More became a page in the household of Archbishop Morton at age 13 and went to Oxford the following year.
He received a B.A. in 1494 and studied law. Between 1503-1504 he exercised the piety of the monk’s spiritual life and decided to be a monk.
But in 1504 he stood in the election in parliament though he followed austerity throughout his life.
In 1529 he was appointed as lord chancellor of England, the most powerful position in the kingdom below the king himself.

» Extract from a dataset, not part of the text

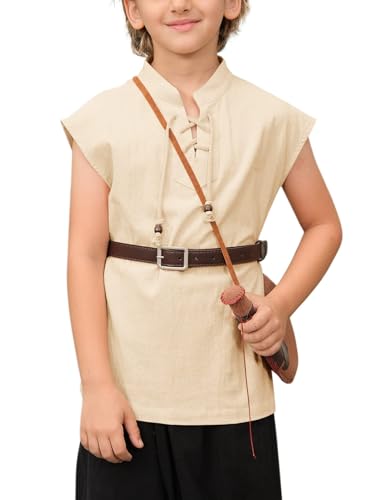 Haloumoning Boys Renaissance Pirate Sleeveless T Shirts Kids Viking Medieval Lace-up Shirt Scottish Costume Tank Tops Khaki 3-4 Years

In his adult life, More served Henry VIII and Parliament, and in 1521 he was knighted. When Henry declared himself head of the Church of England in 1531, however, More was forced to choose between his king and his Church. Even he did not attend the coronation of Anne Boleyn, Henry-VIII’s second wife. Faithful to the Church until his last days, More resigned his chancellor position and three years later refused to swear an oath endorsing the authority of Henry VIII over the Church of England and nullifying that of the pope in England. More was sent to the Tower of London and was beheaded on July 6, 1535. In 1935 the Catholic Church acknowledged his loyalty by making him a saint.
More was perhaps the single most important intellectual in early-16th-century England and was a key figure to introduce humanism in England.
Literary Works:
As early as 1505, when it is believed he considered entering the priesthood, he was translating The Life of Pico (1509), about the famous 15th-century Italian humanist. Also a historian, More wrote The History of Richard III between 1514 and 1518, in which he innovatively forges a symbolic connection between Richard’s physical and moral deformity. This history helped establish the myth that Richard III was an evil, physically deformed dictator who murdered his brothers and nephews to become king of England.
Utopia:
More’s most famous work was his philosophical romance Utopia (1516), in which a mariner tells a story about an ideal state.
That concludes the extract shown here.